Monthly Letter

1st August 2024 by The Rev Kate Plant



I am very sad to have lost Jan Walker MBE from my life and the life of the church. We will write more about her in the next edition of the magazine but I know that many of you will be sharing my sense of something big, leaving us. She, however, had no fear of death, delighting in the thought of heaven. She would want us to be glad for her and would be impatient of any mawkishness. Sitting at my computer, I can hear her saying – ‘it will be August, tell them something to make them smile’, and so I will. My best anecdote.

Someone (who lived in London) was giving me a lift through beautiful countryside in Northumberland. Luckily not someone I am likely to meet again. As we were driving I saw, high above us and ahead, a buzzard. I pointed it out.

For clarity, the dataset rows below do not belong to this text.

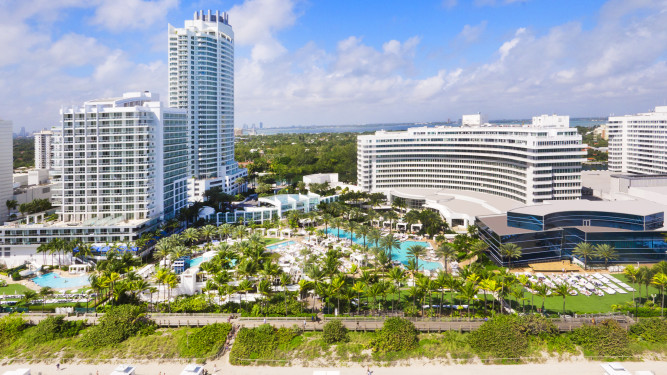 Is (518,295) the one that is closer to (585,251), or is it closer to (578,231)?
(585,251)

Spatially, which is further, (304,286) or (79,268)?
(79,268)

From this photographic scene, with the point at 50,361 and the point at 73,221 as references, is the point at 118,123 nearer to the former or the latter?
the point at 73,221

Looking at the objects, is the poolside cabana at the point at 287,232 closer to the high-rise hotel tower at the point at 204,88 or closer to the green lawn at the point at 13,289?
the high-rise hotel tower at the point at 204,88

The kind lady said ‘How lovely, how do you know that’s what it is’. ‘Well’ I said, ‘It’s something about its stillness, the way it seems to hang in the air’.

‘I wish’ the lady said, ‘that I knew all about nature and country lore. I know so little.’ I remember distinctly her use of the word ‘Lore’. I sat back, delighted to be a source of ‘lore’. Doing my best to sound self-deprecating, I said, ‘Oh well, I grew up deep in the countryside and you pick up these things, almost without knowing it’. We talked about the wonder of the way the bird used the currents of air and so on.

Shortly afterwards she dropped me off and I saw her drive away, saying she wasn’t sure if she could get through this way and might pass me again in a little while. Still the buzzard flew overhead and slightly in front.

I hoisted my rucksack and trod forward firmly – at one with the countryside, about which I realised I was so wise. I glanced again towards the lovely buzzard that had moved away slightly, and saw it turn on the wind – no longer a great bird but actually a small old fashioned aeroplane - the sort with two wings either side connected by struts. I could here the sound of its engine on the wind. Still beautiful, but not a Buzzard. I dived through a gate and sat all thistly behind a hedge in case she came back. She would definitely have seen and must have laughed and laughed.

It was a good thing to have happened, though, to someone who would become a vicar. It still gives me a moment’s pause when I am tempted to describe, too definitively, the things of the heaven. We know not! Oh, we know not, the joys that wait us there’! But, praise God, Jan does now.